DEPARTMENT OF HEALTH AND HUMAN SERVICES

Food and Drug Administration

[Docket No. FDA-2008-N-0500]


Agency Information Collection Activities; Proposed Collection; 
Comment Request; Requirements on Content and Format of Labeling for 
Human Prescription Drug and Biological Products

AGENCY: Food and Drug Administration, HHS.

ACTION: Notice.

-----------------------------------------------------------------------

SUMMARY: The Food and Drug Administration (FDA or Agency) is announcing 
an opportunity for public comment on the proposed collection of certain 
information by the Agency.
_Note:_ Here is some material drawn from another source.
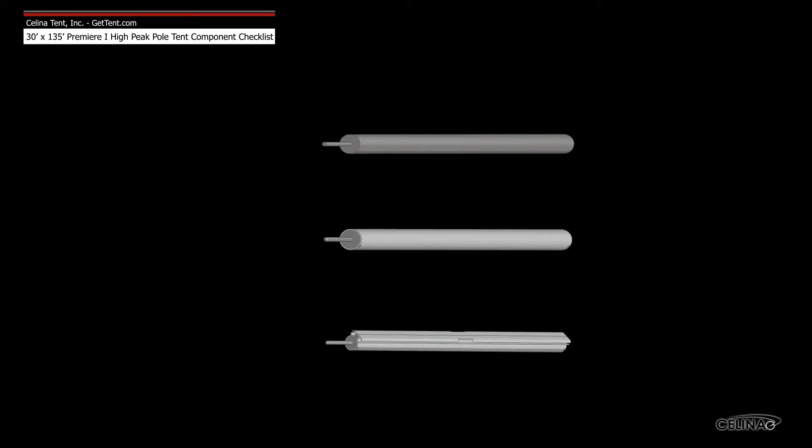Celina side poles are available in three types: galvanized steel, anodized aluminum, and anodized aluminum keter track.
Under the Paperwork Reduction Act of 1995 
(PRA), Federal Agencies are required to publish notice in the Federal 
Register concerning each proposed collection of information, including 
each proposed extension of an existing collection of information, and 
to allow 60 days for public comment in response to the notice. This 
notice solicits comments on the information collection provisions of 
FDA's requirements on content and format of labeling for human 
prescription drug and biological products.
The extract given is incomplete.